Des enfants connectés...
"(...)Il faut assurer aux enfants les moyens physiques dont le corps a besoin et leur offrir la possibilité de vivre au maximum au grand air : c'est un axiome pour une éducation qui se soucie de la valeur de la personnalité de l'enfant.
À notre époque [1926] et dans notre société civilisée, les enfants vivent très éloignés de la nature, et rares sont pour eux les possibilités d'entrer en rapport intime avec elle et d'y puiser des expériences directes. Pendant longtemps, l'influence de la nature sur l'éducation de l'enfant n'a été considérée que comme un facteur moral.
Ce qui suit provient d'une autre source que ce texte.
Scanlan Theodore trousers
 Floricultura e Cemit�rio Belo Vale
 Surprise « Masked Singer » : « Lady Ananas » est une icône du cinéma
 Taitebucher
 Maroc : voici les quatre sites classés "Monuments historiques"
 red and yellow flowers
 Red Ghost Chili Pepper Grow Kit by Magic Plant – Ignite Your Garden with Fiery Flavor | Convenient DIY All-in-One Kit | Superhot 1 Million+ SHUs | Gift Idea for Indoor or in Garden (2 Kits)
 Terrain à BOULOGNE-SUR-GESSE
Ce que l'on recherchait, c'était le développement de sentiments suscités par les fleurs, les plantes, les animaux, les paysages, les vents, la lumière...
Plus tard on a essayé de lier l'activité de l'enfant à la nature en l'initiant à la culture de "petits champs éducatifs". Pourtant, la conception de "vivre" dans la nature, et pas seulement la connaître, est l'acquisition la plus récente de l'éducation. Le plus important, c'est de libérer les liens qui l'isolent dans la vie artificielle des villes.
(...)Lâchez les enfants; qu'ils courent dehors quand il pleut, qu'ils enlèvent leurs souliers quand ils trouvent un peu d'eau et, quand l'herbe des prés est humide de rosée, laissez leurs pieds nus la fouler; qu'ils se reposent paisiblement quand un arbre les invite à dormir à leur ombre; ils crient et rient quand le soleil les éveille le matin, comme il éveille toute créature vivante. Mais nous nous demandons anxieux, comment faire dormir l'enfant après l'aurore, et comment lui enseigner à ne pas enlever ses souliers et à ne pas courir dans les prés. C'est quand il est diminué par nous, irrité dans sa prison, qu'il tue les insectes, les petits animaux inoffensifs, et cela semble "naturel". Nous ne nous apercevons pas que cette petite âme est déjà devenue étrangère à la nature. Tout ce que nous souhaitons pour lui, c'est qu'il s'adapte à la prison sans que cela l'ennuie.